They were warned. They were given an explanation. Nevertheless, they're persisting.

Yesterday, the Trump Administration formally submitted their official brief with the Supreme Court of the United States asking SCOTUS to completely and fully strike down the entire Patient Protection & Affordable Care Act. This is the latest development in the utterly insane "California vs. Texas" lawsuit (formerly "Texas vs. U.S.", "Texas vs. Azar", or as I prefer to label it, "Texas Fold'em", a name originally coined by U of M law professor Nicholas Bagley but which doesn't seem to have caught on with anyone other than me so far.

I've written about this completely absurd lawsuit more times than I care to remember, but as a reminder, here's what it comes down to.

The image below is the "3-legged stool" of the Affordable Care Act.

The blue leg represents the various patient protections which the ACA requires health insurance carriers to provide--guaranteed issue, community rating, essential health benefits and so on.

The green leg represents the resources provided by the federal government to help people enroll in and afford to pay for the healthcare policies--financial assistance for lower-income enrollees, a fair, trustworthy marketplace in which to review & enroll in those plans, and a cap on profits to prevent price gouging.

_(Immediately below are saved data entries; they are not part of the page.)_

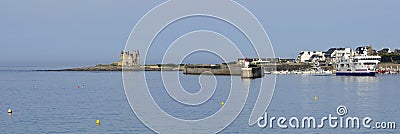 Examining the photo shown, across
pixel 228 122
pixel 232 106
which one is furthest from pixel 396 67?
pixel 228 122

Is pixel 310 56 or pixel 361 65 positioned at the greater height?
pixel 310 56

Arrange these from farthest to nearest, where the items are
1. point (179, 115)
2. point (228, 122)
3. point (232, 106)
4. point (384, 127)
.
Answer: point (232, 106)
point (179, 115)
point (228, 122)
point (384, 127)

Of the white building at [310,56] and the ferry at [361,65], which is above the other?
the white building at [310,56]

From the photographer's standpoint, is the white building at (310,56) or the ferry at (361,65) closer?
the ferry at (361,65)

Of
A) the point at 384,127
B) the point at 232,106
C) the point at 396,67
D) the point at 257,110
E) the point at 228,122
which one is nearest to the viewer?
the point at 384,127

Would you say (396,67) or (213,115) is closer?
(213,115)

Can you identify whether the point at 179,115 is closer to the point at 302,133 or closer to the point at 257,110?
the point at 257,110

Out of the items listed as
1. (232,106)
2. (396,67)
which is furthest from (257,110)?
(396,67)

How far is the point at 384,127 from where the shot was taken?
32.7 m

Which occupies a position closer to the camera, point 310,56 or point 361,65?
point 361,65

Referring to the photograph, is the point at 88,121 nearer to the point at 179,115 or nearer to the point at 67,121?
the point at 67,121

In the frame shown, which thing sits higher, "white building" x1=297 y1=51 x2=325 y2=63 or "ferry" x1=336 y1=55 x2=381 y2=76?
"white building" x1=297 y1=51 x2=325 y2=63

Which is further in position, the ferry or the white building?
the white building

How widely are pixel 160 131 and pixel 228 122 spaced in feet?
17.4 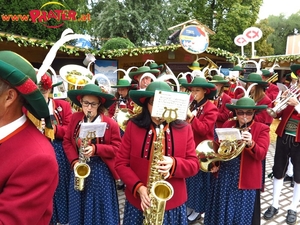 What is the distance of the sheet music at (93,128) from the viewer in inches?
117

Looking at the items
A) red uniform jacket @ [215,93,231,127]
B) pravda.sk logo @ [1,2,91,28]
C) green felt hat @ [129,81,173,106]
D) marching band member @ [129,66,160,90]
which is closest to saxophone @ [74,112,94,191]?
green felt hat @ [129,81,173,106]

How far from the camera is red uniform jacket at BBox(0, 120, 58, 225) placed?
4.46ft

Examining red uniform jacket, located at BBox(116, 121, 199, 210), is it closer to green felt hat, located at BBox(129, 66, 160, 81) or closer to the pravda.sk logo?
green felt hat, located at BBox(129, 66, 160, 81)

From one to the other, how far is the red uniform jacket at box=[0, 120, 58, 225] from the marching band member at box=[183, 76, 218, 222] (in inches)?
101

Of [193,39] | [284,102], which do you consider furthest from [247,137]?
[193,39]

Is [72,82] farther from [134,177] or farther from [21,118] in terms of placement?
[21,118]

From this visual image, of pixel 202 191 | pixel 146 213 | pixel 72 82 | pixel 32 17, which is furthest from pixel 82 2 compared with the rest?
pixel 146 213

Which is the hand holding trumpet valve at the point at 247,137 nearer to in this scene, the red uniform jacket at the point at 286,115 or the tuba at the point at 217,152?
the tuba at the point at 217,152

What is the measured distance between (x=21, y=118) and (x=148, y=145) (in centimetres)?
125

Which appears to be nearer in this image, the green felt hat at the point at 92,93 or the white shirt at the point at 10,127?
the white shirt at the point at 10,127

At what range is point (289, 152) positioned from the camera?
4445mm

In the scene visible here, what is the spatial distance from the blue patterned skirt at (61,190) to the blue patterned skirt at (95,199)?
0.53 metres

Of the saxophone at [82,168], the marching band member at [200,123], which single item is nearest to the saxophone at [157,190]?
the saxophone at [82,168]

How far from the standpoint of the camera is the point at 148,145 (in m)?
2.54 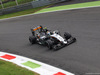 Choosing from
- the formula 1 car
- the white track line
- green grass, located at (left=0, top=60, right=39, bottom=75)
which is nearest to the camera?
the white track line

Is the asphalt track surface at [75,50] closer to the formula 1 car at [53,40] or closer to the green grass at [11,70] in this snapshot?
the formula 1 car at [53,40]

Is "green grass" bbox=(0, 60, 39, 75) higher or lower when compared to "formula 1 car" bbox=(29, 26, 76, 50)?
lower

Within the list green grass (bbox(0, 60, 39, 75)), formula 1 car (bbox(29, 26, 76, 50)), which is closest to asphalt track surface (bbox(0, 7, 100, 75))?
formula 1 car (bbox(29, 26, 76, 50))

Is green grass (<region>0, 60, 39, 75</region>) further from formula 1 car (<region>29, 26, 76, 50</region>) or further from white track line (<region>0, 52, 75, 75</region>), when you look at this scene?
formula 1 car (<region>29, 26, 76, 50</region>)

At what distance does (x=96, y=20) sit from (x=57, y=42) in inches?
200

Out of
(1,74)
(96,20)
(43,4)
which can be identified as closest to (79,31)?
(96,20)

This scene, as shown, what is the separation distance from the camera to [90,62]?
25.1 ft

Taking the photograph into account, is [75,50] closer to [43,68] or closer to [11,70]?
[43,68]

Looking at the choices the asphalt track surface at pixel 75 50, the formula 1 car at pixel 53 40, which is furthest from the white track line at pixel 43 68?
the formula 1 car at pixel 53 40

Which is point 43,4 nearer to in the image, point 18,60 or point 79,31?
point 79,31

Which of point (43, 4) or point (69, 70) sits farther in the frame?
point (43, 4)

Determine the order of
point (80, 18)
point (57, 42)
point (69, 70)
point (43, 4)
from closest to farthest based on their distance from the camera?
point (69, 70) < point (57, 42) < point (80, 18) < point (43, 4)

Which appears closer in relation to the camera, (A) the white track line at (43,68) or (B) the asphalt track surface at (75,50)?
(A) the white track line at (43,68)

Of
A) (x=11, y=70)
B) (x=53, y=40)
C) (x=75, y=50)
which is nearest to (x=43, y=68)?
(x=11, y=70) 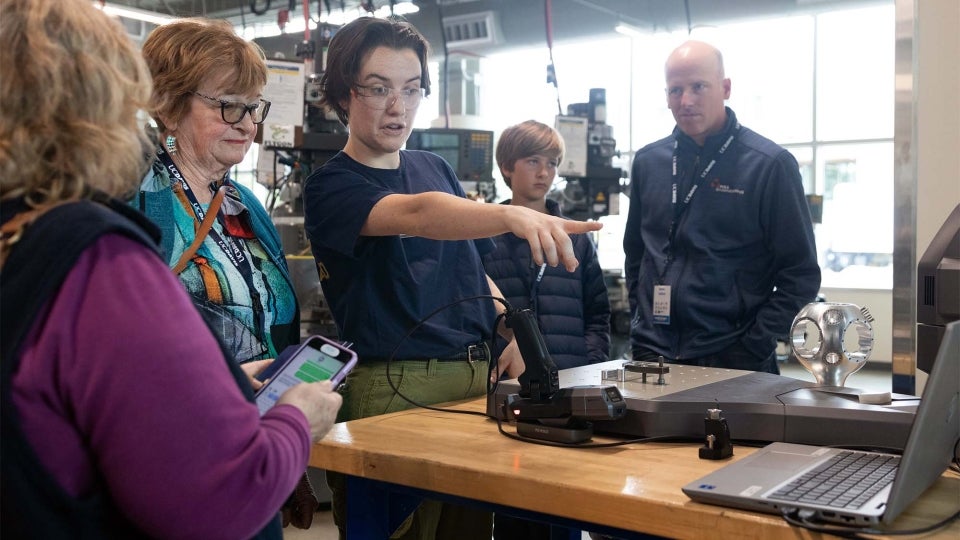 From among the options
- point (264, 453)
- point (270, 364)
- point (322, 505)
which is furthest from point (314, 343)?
point (322, 505)

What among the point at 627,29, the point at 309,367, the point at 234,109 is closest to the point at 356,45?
the point at 234,109

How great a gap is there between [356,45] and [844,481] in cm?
131

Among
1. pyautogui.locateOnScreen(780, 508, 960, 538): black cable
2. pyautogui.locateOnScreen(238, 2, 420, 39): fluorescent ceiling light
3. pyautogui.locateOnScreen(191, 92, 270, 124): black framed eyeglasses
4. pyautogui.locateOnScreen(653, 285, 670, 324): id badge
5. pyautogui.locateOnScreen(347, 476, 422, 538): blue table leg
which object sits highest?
pyautogui.locateOnScreen(238, 2, 420, 39): fluorescent ceiling light

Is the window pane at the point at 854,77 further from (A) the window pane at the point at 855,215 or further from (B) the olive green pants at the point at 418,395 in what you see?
(B) the olive green pants at the point at 418,395

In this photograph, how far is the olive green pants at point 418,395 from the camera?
179 centimetres

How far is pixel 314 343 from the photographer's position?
1.30 metres

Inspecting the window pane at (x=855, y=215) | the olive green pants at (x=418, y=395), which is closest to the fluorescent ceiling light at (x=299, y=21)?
the window pane at (x=855, y=215)

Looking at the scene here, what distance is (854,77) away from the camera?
325 inches

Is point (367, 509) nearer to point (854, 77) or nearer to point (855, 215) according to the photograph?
point (854, 77)

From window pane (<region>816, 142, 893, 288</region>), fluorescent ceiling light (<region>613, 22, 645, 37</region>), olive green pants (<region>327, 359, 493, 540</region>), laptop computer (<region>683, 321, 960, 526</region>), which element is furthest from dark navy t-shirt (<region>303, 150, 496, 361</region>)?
window pane (<region>816, 142, 893, 288</region>)

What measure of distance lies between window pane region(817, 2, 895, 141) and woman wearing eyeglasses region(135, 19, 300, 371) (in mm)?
7487

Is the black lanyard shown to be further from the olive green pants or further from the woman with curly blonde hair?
the woman with curly blonde hair

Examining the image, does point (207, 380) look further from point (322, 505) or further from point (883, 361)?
point (883, 361)

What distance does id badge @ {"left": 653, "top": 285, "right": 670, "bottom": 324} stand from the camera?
2691 millimetres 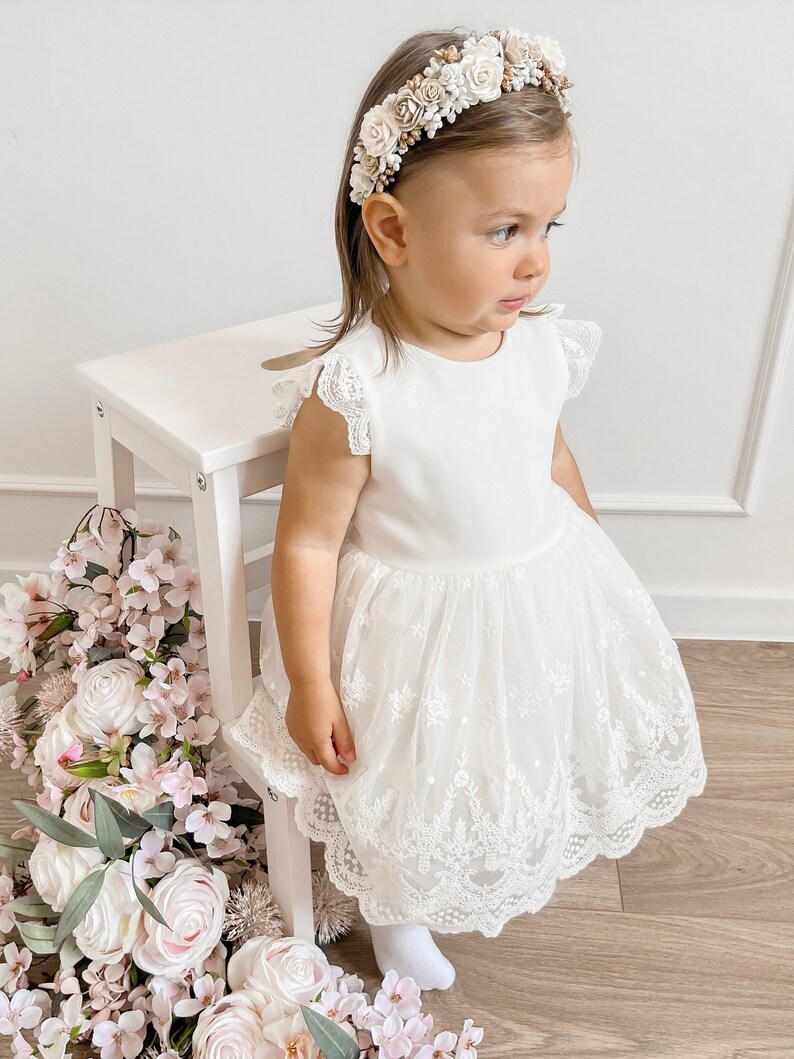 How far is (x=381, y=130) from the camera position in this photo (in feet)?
2.62

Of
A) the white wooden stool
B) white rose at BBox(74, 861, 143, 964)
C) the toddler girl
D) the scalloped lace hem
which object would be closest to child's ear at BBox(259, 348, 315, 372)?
the white wooden stool

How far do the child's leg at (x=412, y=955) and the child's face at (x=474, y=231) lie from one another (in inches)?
28.5

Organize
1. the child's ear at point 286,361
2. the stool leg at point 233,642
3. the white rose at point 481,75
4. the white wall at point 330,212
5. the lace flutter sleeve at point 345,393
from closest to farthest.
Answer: the white rose at point 481,75
the lace flutter sleeve at point 345,393
the stool leg at point 233,642
the child's ear at point 286,361
the white wall at point 330,212

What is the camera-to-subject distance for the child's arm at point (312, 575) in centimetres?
92

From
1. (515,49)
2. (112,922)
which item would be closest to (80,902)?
(112,922)

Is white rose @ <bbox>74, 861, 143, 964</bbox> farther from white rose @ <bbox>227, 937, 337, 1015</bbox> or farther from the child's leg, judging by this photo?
the child's leg

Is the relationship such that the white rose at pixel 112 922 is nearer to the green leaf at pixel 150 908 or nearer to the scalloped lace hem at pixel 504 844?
the green leaf at pixel 150 908

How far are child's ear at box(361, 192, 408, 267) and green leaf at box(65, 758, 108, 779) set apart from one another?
2.10ft

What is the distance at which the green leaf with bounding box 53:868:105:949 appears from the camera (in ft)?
3.27

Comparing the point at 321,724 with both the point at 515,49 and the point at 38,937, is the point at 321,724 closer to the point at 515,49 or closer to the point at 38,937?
the point at 38,937

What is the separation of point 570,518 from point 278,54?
0.75 m

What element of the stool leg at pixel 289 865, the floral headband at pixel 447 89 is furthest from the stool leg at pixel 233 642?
the floral headband at pixel 447 89

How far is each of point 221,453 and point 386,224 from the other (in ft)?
0.91

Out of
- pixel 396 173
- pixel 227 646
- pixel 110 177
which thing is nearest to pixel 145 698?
pixel 227 646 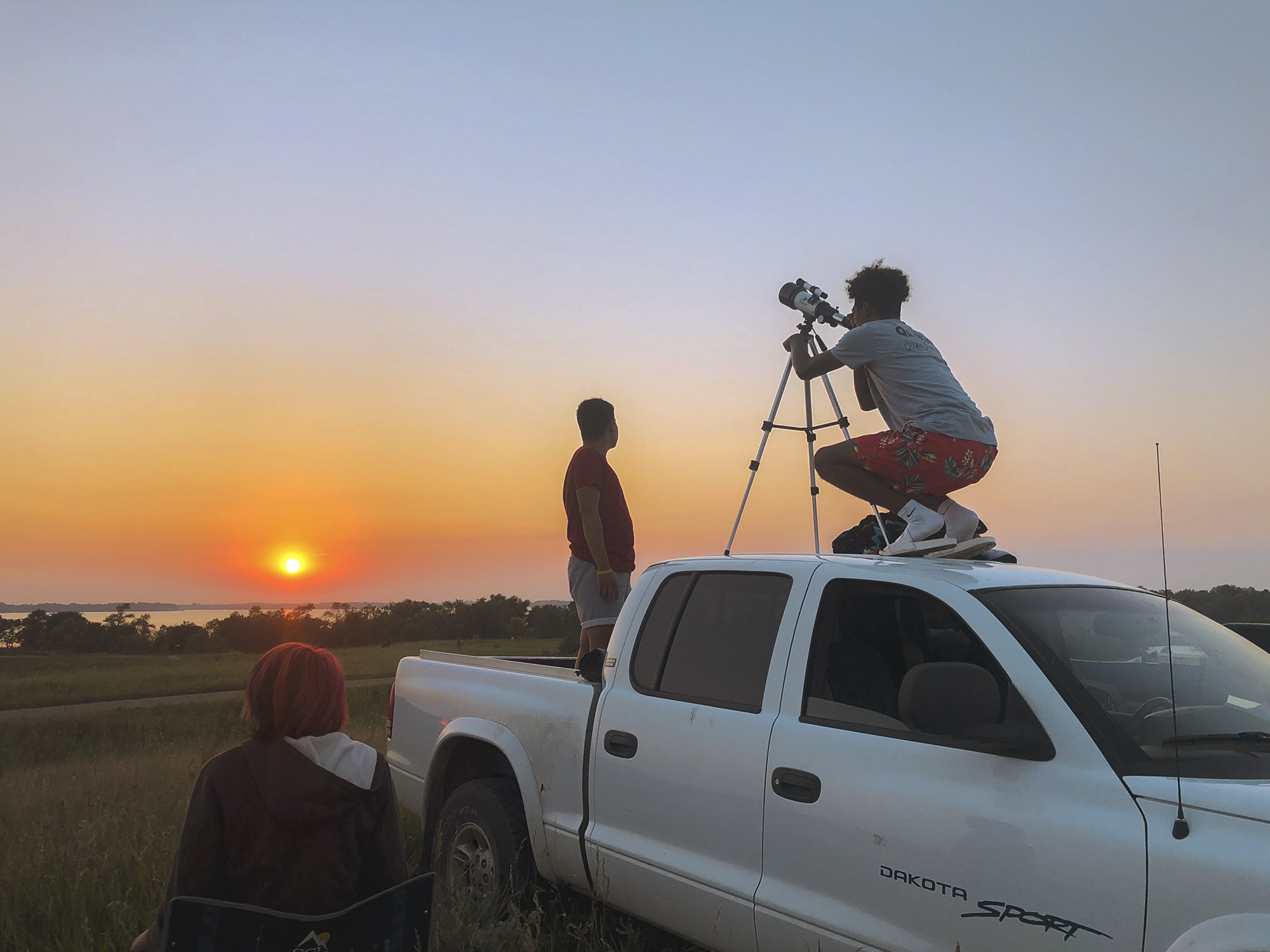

The red leg represents the enrollee's responsibilities, which (aside from paying their monthly premiums) include a limited time window (with some exceptions) within which to enroll (the Open Enrollment Period)...and the Individual Mandate Penalty, which states that (again, with certain exceptions), everyone has to have some form of ACA-compliant healthcare coverage (whether private or public, like Medicare or Medicaid), and if they don't, they have to pay a financial penalty:

In December 2017, the Republican-controlled House and Senate passed the so-called "Tax Cuts & Jobs Act of 2017", signed into law by Donald Trump. One of the provisions of the bill was to change the amount of the ACA's individual mandate penalty from $695/person to $0/person (or from 2.5% of household income to 0.0%), like so:

Two months later, in February 2018, the Republican Attorney General of Texas, along with about 20 other GOP state AGs, announced that they were suing to have the entire ACA struck down.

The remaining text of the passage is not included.